In questo 2011, anno di interscambio tra Italia e Brasile, le due nazioni hanno molto da celebrare. Pochi mesi fa abbiamo avuto il piacere, su invito del preside dell'Università Federale di Bahia, di partecipare a una riunione congiunta con l'ambasciatore italiano e di discutere di un probabile programma preliminare di Scienza e Tecnologia destinato a possibili scambi tra Italia e Bahia in Brasile.
Se in Italia si trova l'antica Roma, noi siamo una varietà scura di romani. Ed è un buon momento per riflettere sui nostri artisti, scienziati ed eroi che hanno contribuito a costruire questa fase repubblicana di vita. È inoltre necessario parlare di Garibaldi e di Anita, in quanto sono stati entrambi guerrieri transnazionali. Italiani, brasiliani e uruguaiani sono grati a questa coppia combattente, che non vide mai venire meno l'affetto reciproco...
Nel continente sudamericano c'è stato un altro esempio di combattente transnazionale: Ernesto CHE Guevara, che conquistò fama e ammirazione per aver combattuto nei Caraibi, in Africa e in Bolivia. Ma forse nessuno si ricorderebbe di lui se non fosse stato assassinato da un commando, anche questo transnazionale. Quest'anno potremo anche parlare di altri leader, che guidarono le rivolte degli schiavi, che si ribellarono e persero la vita per la libertà. Senza Spartaco, Toussaint Louverture e Zumbi dos Palmares, l'idea perversa della schiavitù avrebbe potuto perpetuarsi all'infinito nei nostri territori.

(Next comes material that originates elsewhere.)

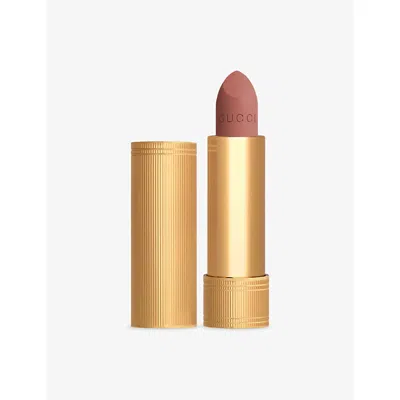 Gucci 132 Lilla Tawnie Rouge À Lèvres Matte Lipstick 3.5g In Gold
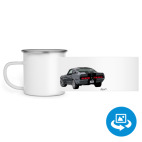 Кружка металлическая белая (круговая запечатка)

Sono tutti dei miti. Nell'immaginario collettivo le loro storie sono eternate, somigliando a foto di passaporti. Perché solitamente le immagini dei miti sono imponenti, appariscenti e tramandate di padre in figlio. Ma è necessario fare una precisazione. Ci si merita la legittimità reale del popolo, e non firme burocratiche, solo se si ottiene un particolare tipo di sigillo, il sigillo di sangue.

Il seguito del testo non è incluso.